Valores de precatórios geram divergências no Judiciário
Uma polêmica decisão do Superior Tribunal de Justiça (STJ) já provoca controvérsias no Judiciário. A 1ª Turma do Tribunal entendeu que os créditos de precatórios oferecidos por uma empresa gaúcha como garantia em execução fiscal devem ter seus valores reavaliados pelo mercado, ou seja, deve ser levado em conta o deságio que o precatório sofre ao ser comercializado no mercado paralelo.
A vitória da Fazenda estadual no caso, no entanto, não foi seguida em outros julgados: o Tribunal de Justiça de São Paulo (TJ-SP) rejeitou revisar outro julgamento e manteve posição de que é possível nomear a penhora crédito de precatório e que o valor deve ser o de face (oficial), como se fosse dinheiro.
Na ação no STJ, o Estado do Rio Grande do Sul recorreu afirmando que deveria ser apurado o real valor do bem apresentado pela Jovinter Transportes Nacionais e Internacionais. É comum que empresas comprem títulos de precatórios e passem a ser credores do estado. Nesses processos, o título chega a sofrer um deságio de mais de 70%. Seguindo voto do ministro Teori Zavascki, a 1ª Turma entendeu, por maioria, que deve ser feita uma avaliação sobre os graus de liquidez e de deságio em negociações com terceiros.
Para o ministro, é indispensável a avaliação. “Não se pode imaginar – até porque seria rematado absurdo – que a alienação de qualquer crédito se desse pelo seu valor nominal. O deságio é, nesses casos, a natureza da operação”, afirmou em seu voto.
O ministro Luiz Fux, relator do caso, foi voto vencido. Segundo ele, o crédito em precatório vale o que nele está previsto. O magistrado citou decisão da primeira instância, que dizia que a desvalorização se dá pela insistência do próprio estado em não cumprir seus deveres legais, não pagando os precatórios nos prazos instituídos. A decisão do STJ, que teve acórdão publicado no início de agosto, não é definitiva e ainda cabe recurso ao Supremo Tribunal Federal (STF).

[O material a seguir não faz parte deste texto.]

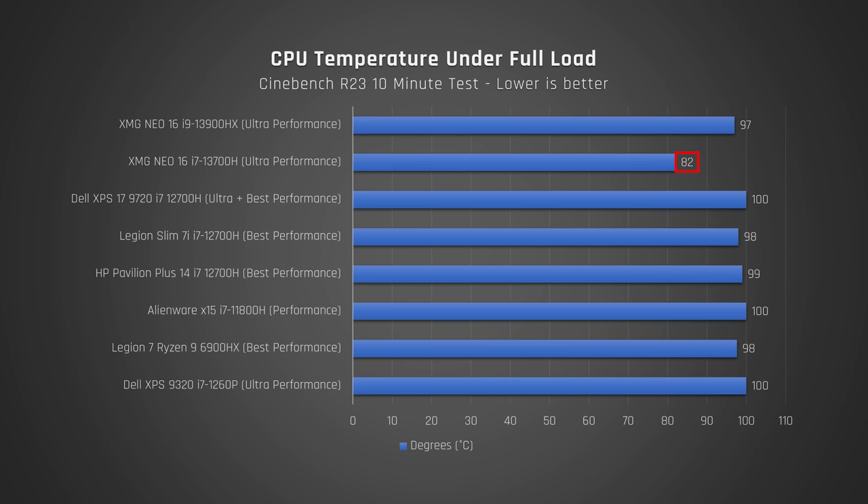Switching to the i7, which has a max PL1 and PL2 of 90 watts and an absolute power limit of 160 — here is how it looks. Similar story to the i9; however, keep in mind that in this chassis, the i7 doesn't get hot even on performance mode. I'd like to see a firmware update for the i7 to run a bit hotter and perform a bit better.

Carlos Kazuki Onizuka, advogado do escritório Onizuka, Neves & Gonçalves Advogados, afirma que essa é a primeira decisão do STJ nesse sentido e critica o entendimento. “O Tribunal, com essa decisão isolada, viola o princípio constitucional da moralidade administrativa, além de ferir um direito adquirido e o ato jurídico perfeito”, afirma.
O advogado foi o responsável pela decisão do TJ paulista contrária ao novo entendimento do STJ. No caso, um supermercado conseguiu em primeira e segunda instância que o crédito de precatório fosse aceito na execução fiscal como bens à penhora e pelo valor de face, como se fosse dinheiro. “A nomeação à penhora de precatório judicial não pode ser recusada”, afirmou o desembargador Venicio Salles, relator do caso.
A Fazenda recorreu e na revisão do julgamento a decisão foi mantida pela 12ª Câmara de Direito Público do TJ-SP, inclusive salientando que o valor dos precatórios deve ser aceito como dinheiro.
“A nomeação garante a execução com créditos emitidos pela própria Fazenda Estadual, abreviando-se, então, as fases do processo executivo, de tal forma a evitar o cumprimento do calvário da avaliação e praceamento ou leilão de bens constritos”, afirmou Salles.
Ele lembrou ainda que a Emenda Constitucional 62, de 2009, que alterou o regime de pagamento de precatórios, pacificou que é preciso “viabilizar o cumprimento das obrigações decorrentes de precatório, qual seja por compensação, cessão ou convolação em penhora”.
Para o advogado Carlos Onizuka, o reconhecimento da aceitação dos precatórios sem ressalvas ou restrições, ou seja, pelo valor real, é correta. Para ele, a “culpa” pelo mercado paralelo de precatórios é da própria Fazenda. “Se ela estivesse adimplente, ninguém iria vender seus créditos. É um mercado criado pela própria inadimplência”, afirma, lembrando que o Estado de São Paulo não terminou de pagar os precatórios que deveriam ser quitados até o final de 1998. “A própria Fazenda falar que não quer aceitar um título que ela mesma emitiu e que foi determinado o pagamento em sentença judicial transitada em julgado é absurdo”, diz.
De acordo com o advogado, o acréscimo que eventualmente a empresa conseguir com o deságio do título adquirido deve ser declarado como receita da empresa e, como tal, tributado por representar um ganho de capital.
Onizuka afirma que os valores dos precatórios ainda serão alvo de diversas polêmicas e discussões no Judiciário. “A decisão do STJ não foi uniforme e definitiva”, diz. O caso do supermercado paulista, que está no TJ-SP, pode também subir ao tribunal e, se o processo cair em outra Turma, a decisão pode ser diferente.